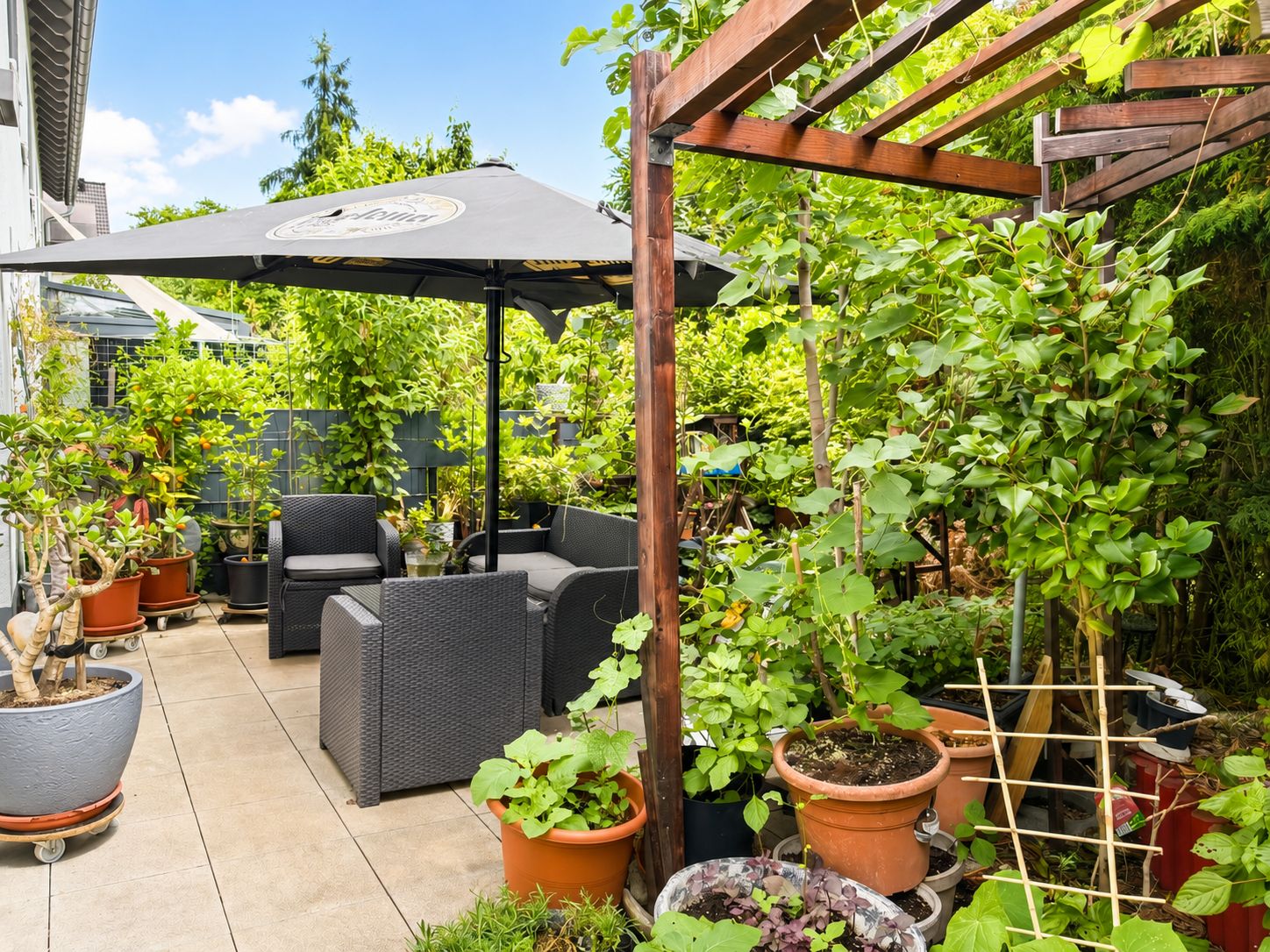Terrasse mit Sitzmöbeln, großem Sonnenschirm und vielen Pflanzen in Töpfen und einem Holzspalier.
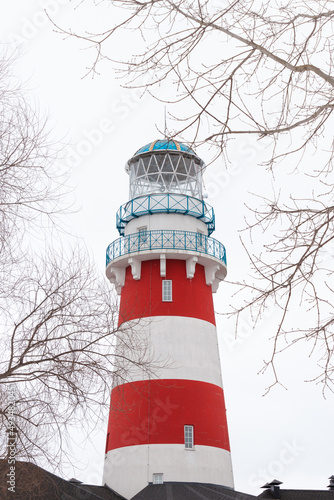 A low angle shot of a lighthouse surrounded by leafless branches of trees against a clear white cloudy sky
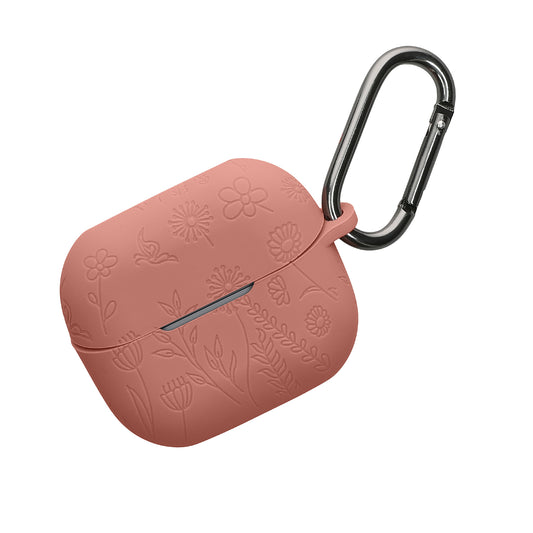 kwmobile Silikon Case für Samsung Galaxy Buds 3 / Galaxy Buds 3 Pro Hülle - Kopfhörer Schutzhülle mit Karabiner - Geprägtes Muster Dark Rose Dark Rose  [dsg02]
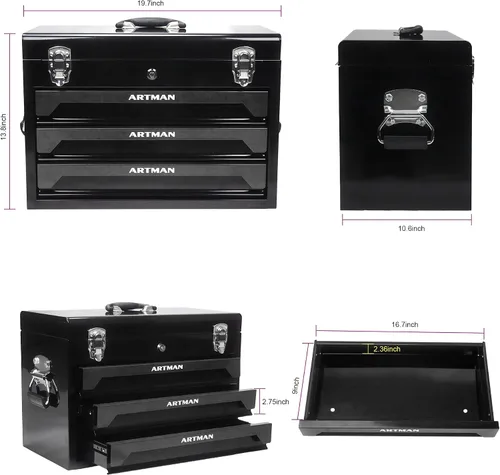 Vista 3 de pouseayar Juego de herramientas y caja de herramientas mecánicas con mango y caja de metal resistente de 3 cajones, kits de herramientas de 339 Negro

::::

> [WORK INSTRUCTIONS] From the very first line of the listing above through the line that holds "A low angle", write out each line exactly as it stands, leaving pictures out.

> [OUTPUT BELOW]
Terrasse mit Sitzmöbeln, großem Sonnenschirm und vielen Pflanzen in Töpfen und einem Holzspalier.
 A low angle shot of a lighthouse surrounded by leafless branches of trees against a clear white cloudy sky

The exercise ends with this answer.